Tuesday, August 27, 2013

On the Syrian Situation: Immediate Response, Yes; War, No



I agree with Bob Dreyfuss's response (which seems to me also the response of Pope Francis) to the credible reports that the Syrian government used chemical weapons recently on citizens in a suburb of Damascus: it is imperative that the rest of the world respond to this shocking act. But war is not the solution. As Dreyfuss points out, Doctors Without Borders appear to confirm the use of poisonous gas against Syrian citizens last week, and mass deaths resulting from the gas attacks. 


I am persuaded, by the way, that the reports attributing the deployment of chemical weapons to the Syrian government are correct. I cannot get out of my mind (and my heart) this CBS news video that I saw last Thursday at Huffington Post, the day after the attacks, which purports to show a Syrian mother embracing her children who died in the gas attack.

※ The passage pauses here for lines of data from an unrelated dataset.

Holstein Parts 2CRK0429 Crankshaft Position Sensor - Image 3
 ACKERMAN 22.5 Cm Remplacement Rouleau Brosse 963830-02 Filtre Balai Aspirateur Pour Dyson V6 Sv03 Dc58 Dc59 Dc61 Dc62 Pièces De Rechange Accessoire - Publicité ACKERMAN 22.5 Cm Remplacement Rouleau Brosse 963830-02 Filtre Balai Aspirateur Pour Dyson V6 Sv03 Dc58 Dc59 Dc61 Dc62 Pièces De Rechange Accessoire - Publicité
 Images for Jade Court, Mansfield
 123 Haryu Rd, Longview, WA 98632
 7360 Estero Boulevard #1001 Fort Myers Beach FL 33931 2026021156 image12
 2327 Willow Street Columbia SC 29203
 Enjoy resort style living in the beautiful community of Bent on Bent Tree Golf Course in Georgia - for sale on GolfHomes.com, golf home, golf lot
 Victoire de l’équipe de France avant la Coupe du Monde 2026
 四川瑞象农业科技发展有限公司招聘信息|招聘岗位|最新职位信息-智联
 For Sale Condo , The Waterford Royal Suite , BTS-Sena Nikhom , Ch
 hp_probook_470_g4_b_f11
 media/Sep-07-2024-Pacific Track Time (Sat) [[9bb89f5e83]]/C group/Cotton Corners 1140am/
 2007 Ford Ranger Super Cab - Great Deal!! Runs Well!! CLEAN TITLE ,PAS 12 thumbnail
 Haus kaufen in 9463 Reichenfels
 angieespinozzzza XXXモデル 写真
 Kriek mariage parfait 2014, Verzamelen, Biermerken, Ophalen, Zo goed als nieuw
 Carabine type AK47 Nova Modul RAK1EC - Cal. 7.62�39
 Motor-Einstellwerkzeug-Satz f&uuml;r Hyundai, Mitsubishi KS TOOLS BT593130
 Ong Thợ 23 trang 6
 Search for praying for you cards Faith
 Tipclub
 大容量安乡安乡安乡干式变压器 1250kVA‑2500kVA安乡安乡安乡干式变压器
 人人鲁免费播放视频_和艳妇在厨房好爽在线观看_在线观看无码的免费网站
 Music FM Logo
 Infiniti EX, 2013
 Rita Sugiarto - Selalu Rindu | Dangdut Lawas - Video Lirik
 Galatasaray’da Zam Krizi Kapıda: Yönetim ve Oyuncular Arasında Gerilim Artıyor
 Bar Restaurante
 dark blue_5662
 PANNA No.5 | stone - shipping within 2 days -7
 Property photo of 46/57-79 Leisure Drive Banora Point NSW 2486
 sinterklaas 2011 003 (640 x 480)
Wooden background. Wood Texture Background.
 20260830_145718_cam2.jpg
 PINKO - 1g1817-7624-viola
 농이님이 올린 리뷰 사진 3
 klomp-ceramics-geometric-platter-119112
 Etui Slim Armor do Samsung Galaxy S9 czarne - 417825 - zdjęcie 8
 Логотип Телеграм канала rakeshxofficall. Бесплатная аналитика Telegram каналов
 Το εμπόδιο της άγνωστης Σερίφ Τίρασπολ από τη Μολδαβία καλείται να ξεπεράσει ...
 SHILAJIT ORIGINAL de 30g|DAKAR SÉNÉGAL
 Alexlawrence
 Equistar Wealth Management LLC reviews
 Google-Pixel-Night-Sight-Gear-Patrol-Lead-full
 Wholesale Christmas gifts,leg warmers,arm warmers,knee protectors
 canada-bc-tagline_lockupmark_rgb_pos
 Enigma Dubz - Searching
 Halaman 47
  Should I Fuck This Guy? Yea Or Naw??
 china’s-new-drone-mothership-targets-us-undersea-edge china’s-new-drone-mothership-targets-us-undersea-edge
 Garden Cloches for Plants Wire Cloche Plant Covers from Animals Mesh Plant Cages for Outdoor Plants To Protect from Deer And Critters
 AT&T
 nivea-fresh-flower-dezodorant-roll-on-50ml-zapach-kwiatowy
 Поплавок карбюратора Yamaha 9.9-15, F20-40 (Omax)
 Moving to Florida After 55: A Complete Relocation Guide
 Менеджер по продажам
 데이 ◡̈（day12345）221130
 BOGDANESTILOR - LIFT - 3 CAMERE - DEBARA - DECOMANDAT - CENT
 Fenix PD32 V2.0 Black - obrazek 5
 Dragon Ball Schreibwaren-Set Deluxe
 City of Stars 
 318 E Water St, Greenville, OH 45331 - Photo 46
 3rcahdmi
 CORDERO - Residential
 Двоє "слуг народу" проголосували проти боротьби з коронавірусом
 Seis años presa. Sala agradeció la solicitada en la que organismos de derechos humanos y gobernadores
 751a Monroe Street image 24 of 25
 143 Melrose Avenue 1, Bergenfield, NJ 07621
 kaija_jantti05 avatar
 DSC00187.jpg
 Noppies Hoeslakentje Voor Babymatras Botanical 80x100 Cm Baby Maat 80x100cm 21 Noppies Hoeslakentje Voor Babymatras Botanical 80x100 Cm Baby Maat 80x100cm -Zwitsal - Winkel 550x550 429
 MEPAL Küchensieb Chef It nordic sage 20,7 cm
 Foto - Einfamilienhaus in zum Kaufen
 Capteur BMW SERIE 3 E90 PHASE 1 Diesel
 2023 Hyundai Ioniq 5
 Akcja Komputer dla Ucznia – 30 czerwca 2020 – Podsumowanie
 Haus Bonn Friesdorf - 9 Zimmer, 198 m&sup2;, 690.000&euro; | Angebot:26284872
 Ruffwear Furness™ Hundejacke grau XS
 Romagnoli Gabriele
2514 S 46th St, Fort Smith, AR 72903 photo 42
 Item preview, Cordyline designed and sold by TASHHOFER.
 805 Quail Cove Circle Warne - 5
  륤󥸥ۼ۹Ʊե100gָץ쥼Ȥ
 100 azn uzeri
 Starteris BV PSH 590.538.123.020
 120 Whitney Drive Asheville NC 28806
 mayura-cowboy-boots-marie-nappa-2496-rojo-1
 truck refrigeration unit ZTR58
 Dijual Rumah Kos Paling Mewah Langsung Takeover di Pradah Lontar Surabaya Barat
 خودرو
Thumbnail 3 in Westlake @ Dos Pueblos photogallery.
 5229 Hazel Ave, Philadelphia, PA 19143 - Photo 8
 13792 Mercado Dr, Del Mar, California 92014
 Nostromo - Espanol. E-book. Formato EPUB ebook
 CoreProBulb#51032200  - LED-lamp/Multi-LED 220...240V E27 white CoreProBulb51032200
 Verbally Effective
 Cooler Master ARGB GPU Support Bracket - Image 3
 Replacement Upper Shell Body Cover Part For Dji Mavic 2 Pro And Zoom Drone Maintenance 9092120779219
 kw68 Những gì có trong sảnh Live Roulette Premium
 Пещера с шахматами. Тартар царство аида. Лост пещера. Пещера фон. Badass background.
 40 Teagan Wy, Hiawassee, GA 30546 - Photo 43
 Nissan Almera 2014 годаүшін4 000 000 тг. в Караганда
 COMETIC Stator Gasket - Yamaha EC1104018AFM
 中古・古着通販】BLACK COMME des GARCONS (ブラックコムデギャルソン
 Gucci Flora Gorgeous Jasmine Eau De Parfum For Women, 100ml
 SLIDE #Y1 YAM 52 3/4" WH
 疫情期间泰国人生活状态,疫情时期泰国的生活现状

One of the moral consequences of the development of online technology is that it permits the immediate transmission of video evidence like this from the other side of the planet, evidence that convicts and involves me. Having watched that video, I now have no choice except to concern myself with what's going on in Syria. 

I have to take a stand. 

No mother should ever have to take leave of her children in this way.

The graphic: German artist Käthe Kollwitz's famous lithograph, "Seed for the Planting Must Not Be Ground Up" (1942). It is a protest against war quoting a line of Goethe, and showing a mother sheltering her children in her arms.